# PROBLEM TO WORK ON
Write back every line of the listing exactly, excluding images.
----- TASK INPUT
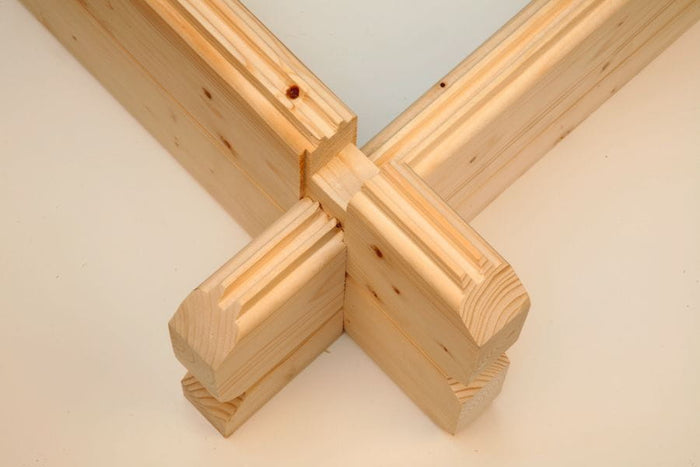 Wolff Finnhaus Gartenhaus Rotterdam Klassik hellgrau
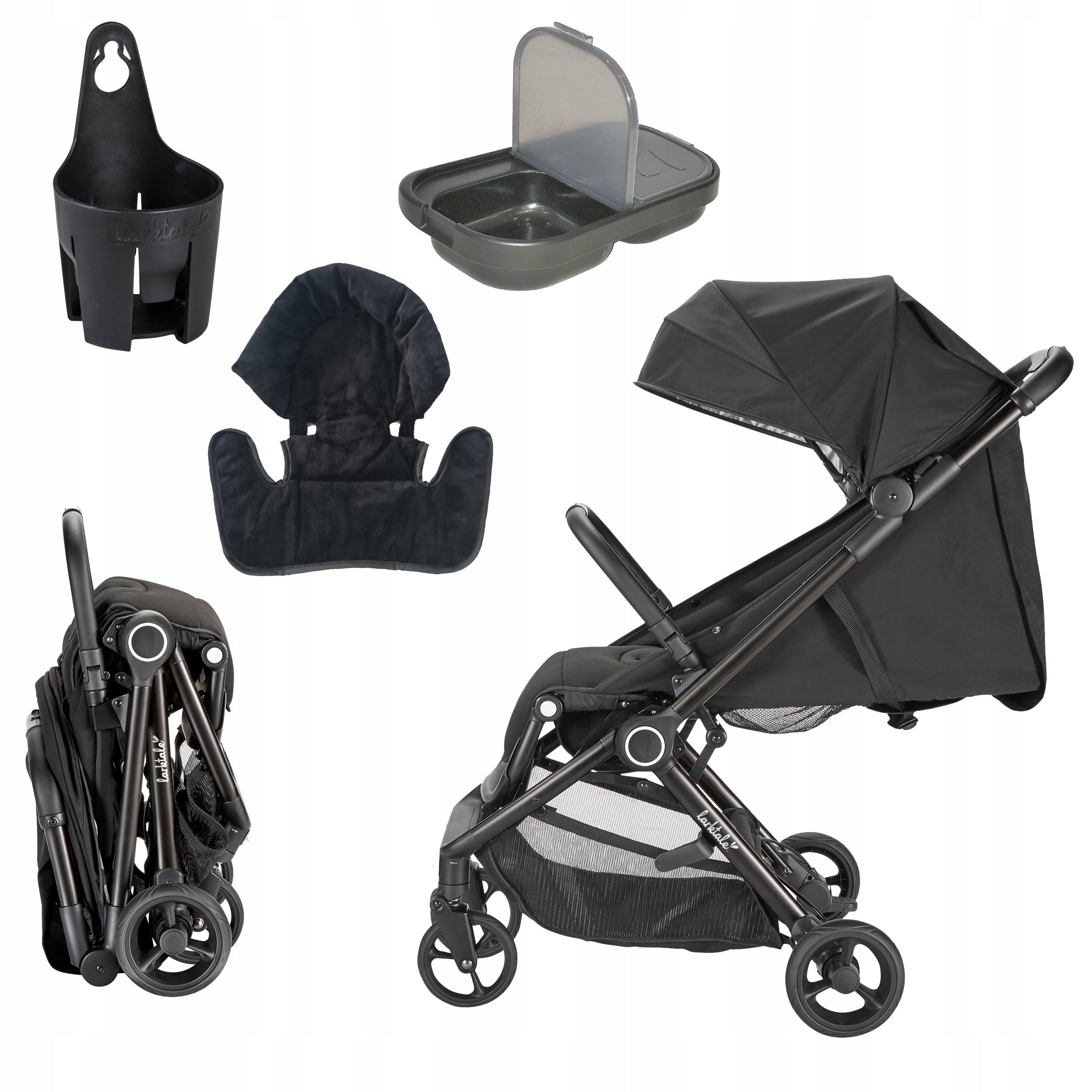 Larktale Stroller Autofold + Accessories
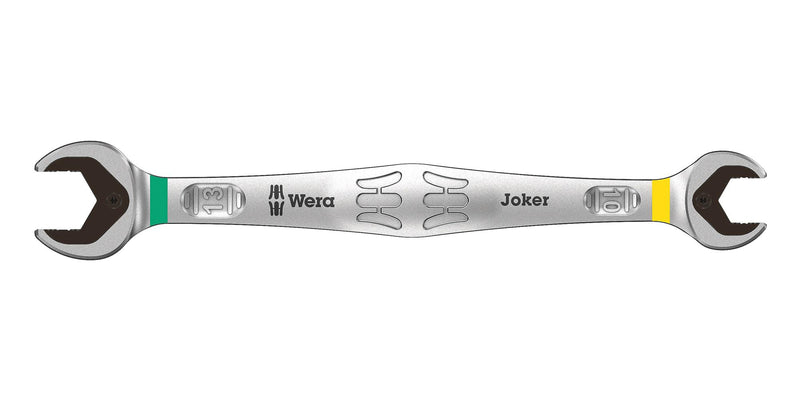 Wera 6002 JOKER 10 + 13 Double OPEN-ENDED Wrench 13MM L-167MM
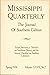 Mississippi Quarterly the Journal of Southern Culture Spring ... by Peter A. Soderbergh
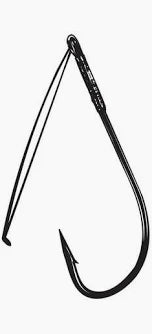 Gamakatsu Worm Hook (Wire Guard)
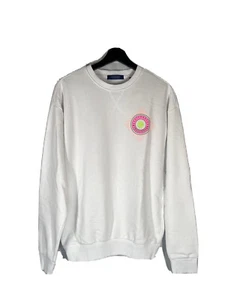 Scotch & Soda Herren Sweatshirt Größe S Farbe Weiß Langarm Pullover - Bild 1 von 4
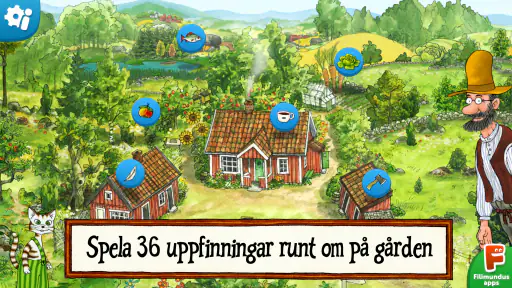 Pettsons Uppfinningar 3 screenshot
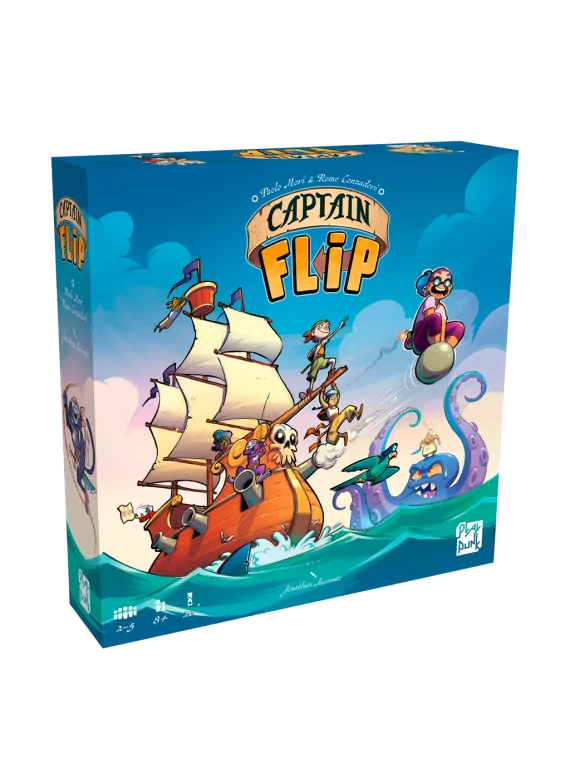 Comprar Captain Flip barato al mejor precio 22,91 € de Play Punk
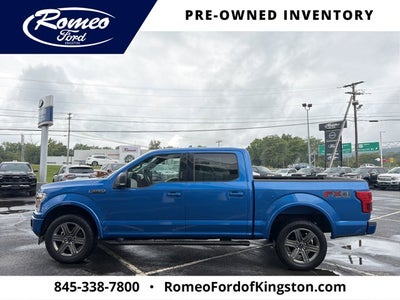 2020 Ford F-150 XLT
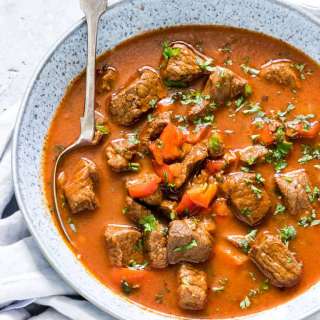 Instant Pot Goulash (Hungarian)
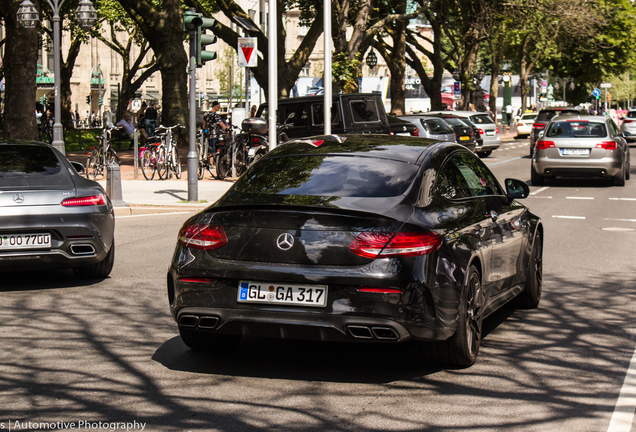 Mercedes-AMG C 63 Coupé C205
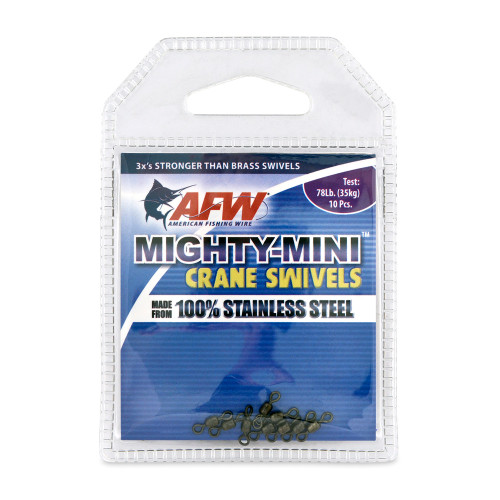 AFW Mighty-Mini Crane swivels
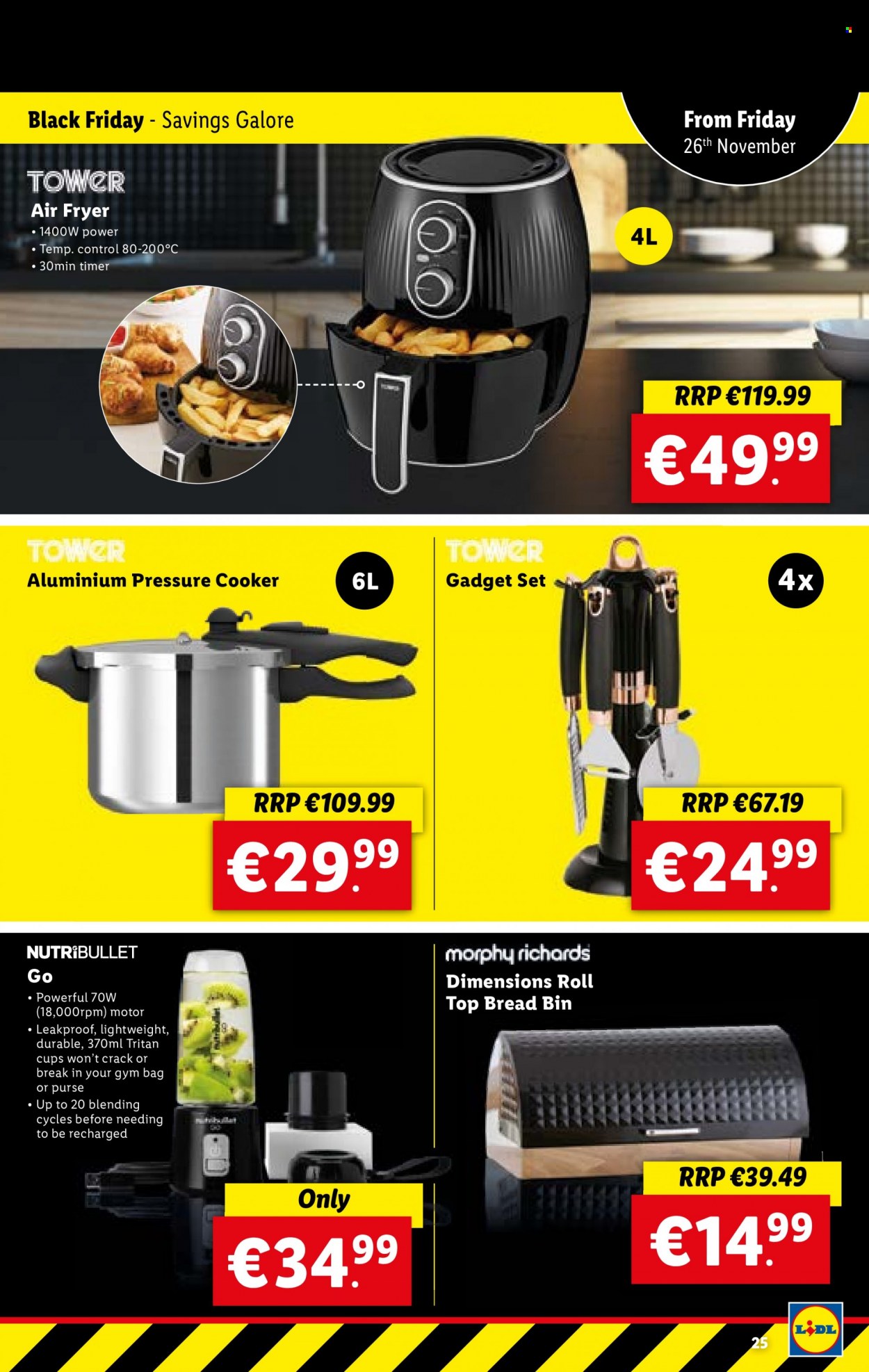 Lidl offer - 25.11.2021 - 01.12.2021. Page 25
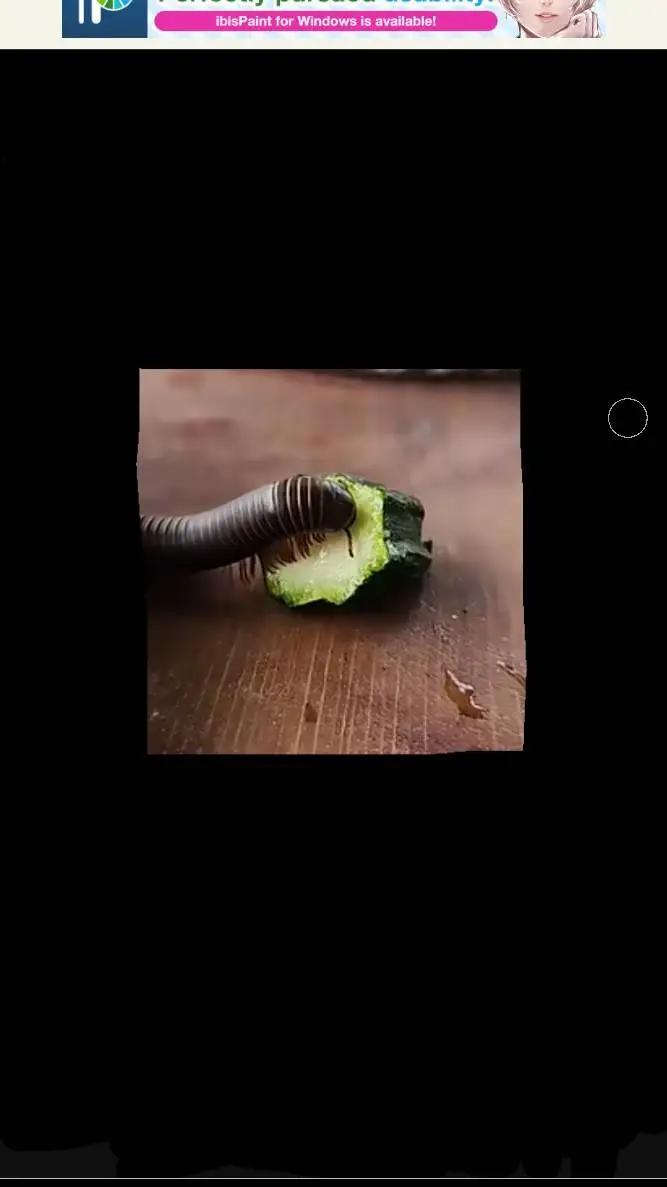 ai character: Millipede"Toy" background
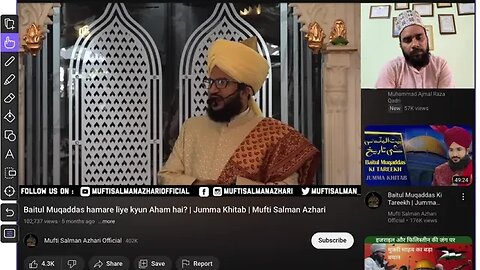 بیت المقدس ہمارے لیے کیوں اہم ہے | مفتی سلمان ازہری صاحب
----------
# EXERCISE SOLUTION
 Wolff Finnhaus Gartenhaus Rotterdam Klassik hellgrau
 Larktale Stroller Autofold + Accessories
 Wera 6002 JOKER 10 + 13 Double OPEN-ENDED Wrench 13MM L-167MM
 Mississippi Quarterly the Journal of Southern Culture Spring ... by Peter A. Soderbergh
 Gamakatsu Worm Hook (Wire Guard)
 Scotch & Soda Herren Sweatshirt Größe S Farbe Weiß Langarm Pullover - Bild 1 von 4
 Pettsons Uppfinningar 3 screenshot
 Comprar Captain Flip barato al mejor precio 22,91 € de Play Punk
 2020 Ford F-150 XLT
 Instant Pot Goulash (Hungarian)
 Mercedes-AMG C 63 Coupé C205
 AFW Mighty-Mini Crane swivels
 Lidl offer - 25.11.2021 - 01.12.2021. Page 25
 ai character: Millipede"Toy" background
 بیت المقدس ہمارے لیے کیوں اہم ہے | مفتی سلمان ازہری صاحب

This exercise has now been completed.